What you give back from the listing below should be an exact copy of the lines from the one with "Hot Brand L" down to the one with "Alex Zanardi beim IMSA-Test in Daytona", and it should contain no pictures.

Materials provided =
■ ■ ■
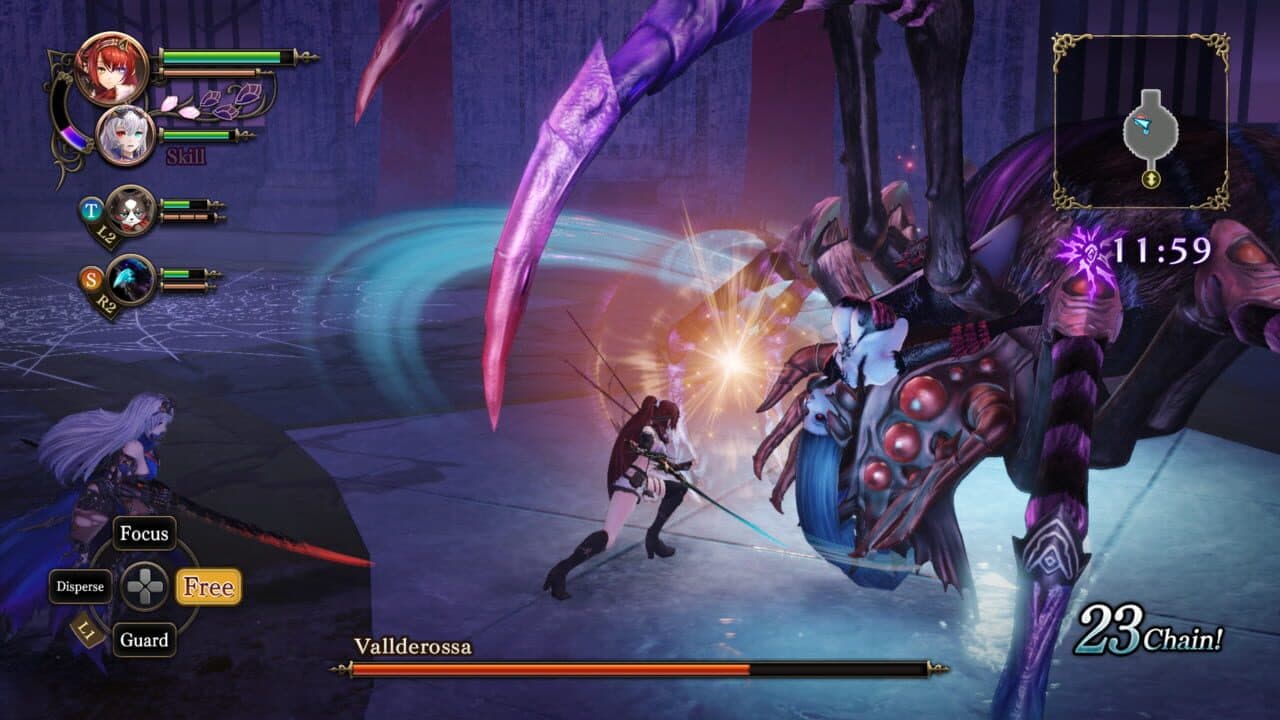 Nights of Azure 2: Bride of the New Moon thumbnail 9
■ ■ ■
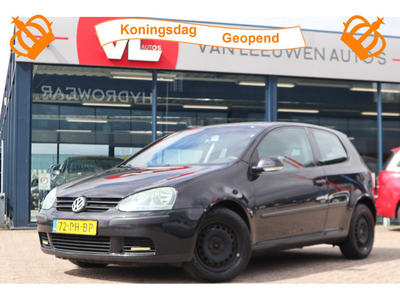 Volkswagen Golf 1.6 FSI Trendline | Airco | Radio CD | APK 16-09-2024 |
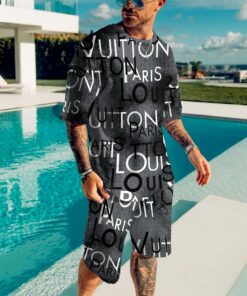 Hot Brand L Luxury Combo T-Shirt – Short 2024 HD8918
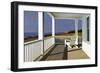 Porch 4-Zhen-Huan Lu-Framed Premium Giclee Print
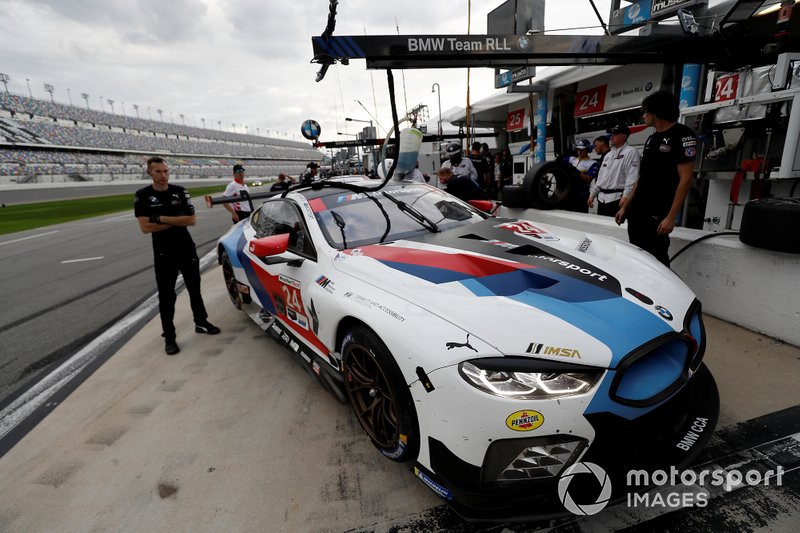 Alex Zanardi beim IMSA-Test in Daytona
■ ■ ■
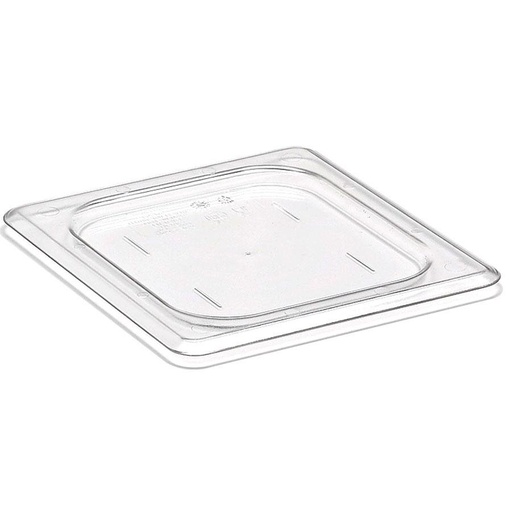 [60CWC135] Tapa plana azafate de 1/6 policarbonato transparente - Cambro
■ ■ ■
Response box =
 Hot Brand L Luxury Combo T-Shirt – Short 2024 HD8918
 Porch 4-Zhen-Huan Lu-Framed Premium Giclee Print
 Alex Zanardi beim IMSA-Test in Daytona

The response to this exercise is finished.